**Exercise goal**. Could the data below be printed out exactly, with the pictures left out?

**Data records**.
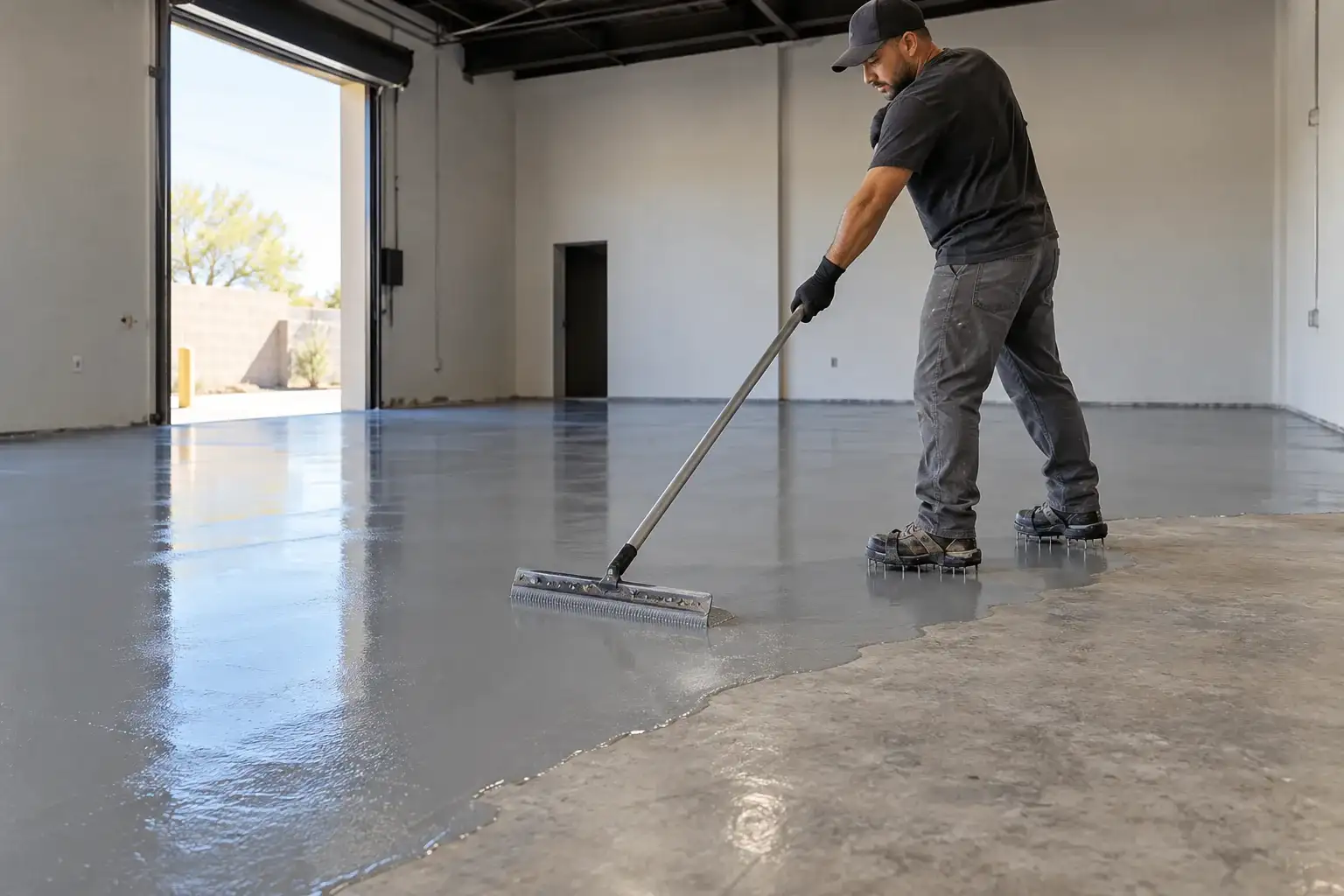 Gray epoxy base coat being spread across a bay with a squeegee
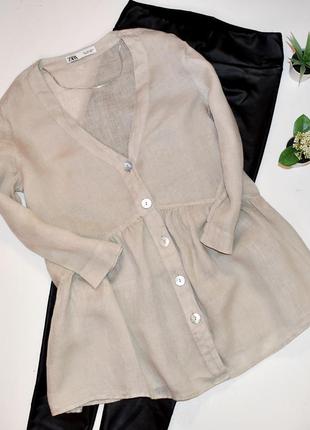 Zara крута льняна блуза вільного крою з перламутровими гудзиками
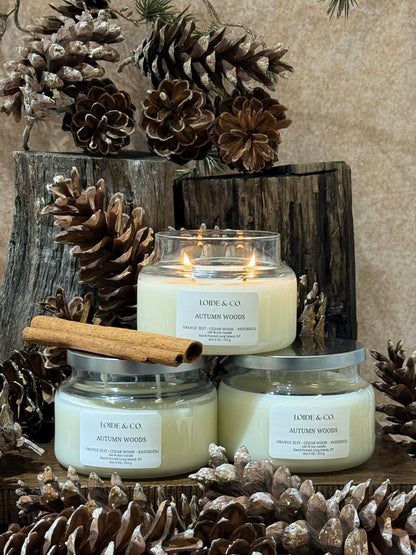 AUTUMN WOOD CANDLE| 9 OZ SOY CANDLE| FALL COLLECTION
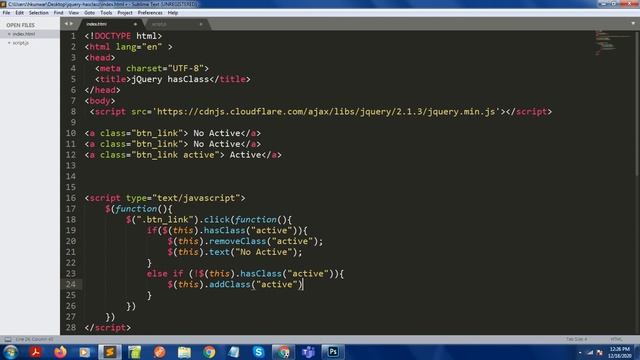 jQuery hasClass // jQuery if/else hasClass // Ujjwal Technical Tips смотреть онлайн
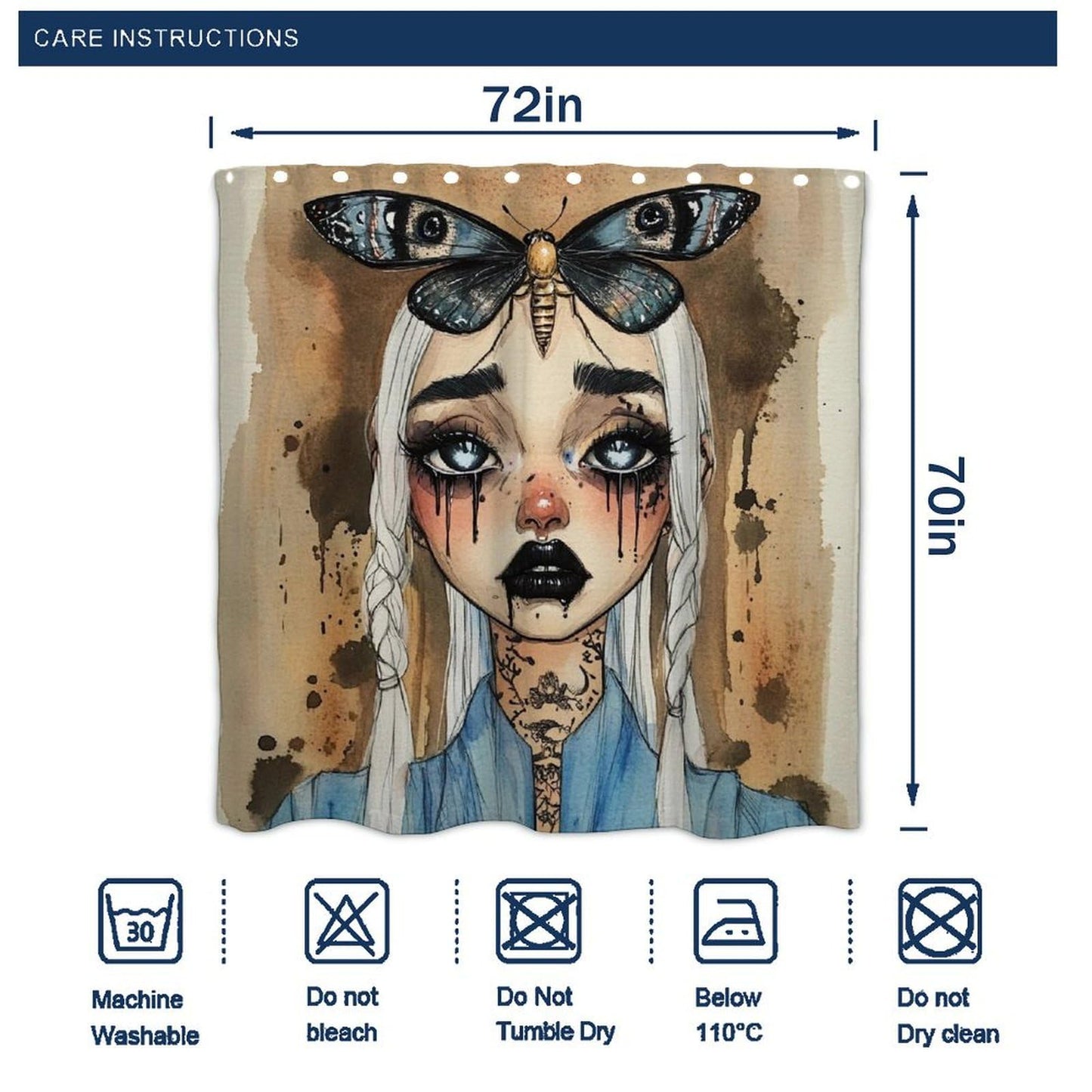 100% BLUE COLLAR Fashion Curtain Bathroom Decorative, Goth Gotik Gothic Women Girl Eyelash 72" x 70" Shower Curtain with Hooks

**Your response**.
 Gray epoxy base coat being spread across a bay with a squeegee
 Zara крута льняна блуза вільного крою з перламутровими гудзиками
 AUTUMN WOOD CANDLE| 9 OZ SOY CANDLE| FALL COLLECTION
 jQuery hasClass // jQuery if/else hasClass // Ujjwal Technical Tips смотреть онлайн
 100% BLUE COLLAR Fashion Curtain Bathroom Decorative, Goth Gotik Gothic Women Girl Eyelash 72" x 70" Shower Curtain with Hooks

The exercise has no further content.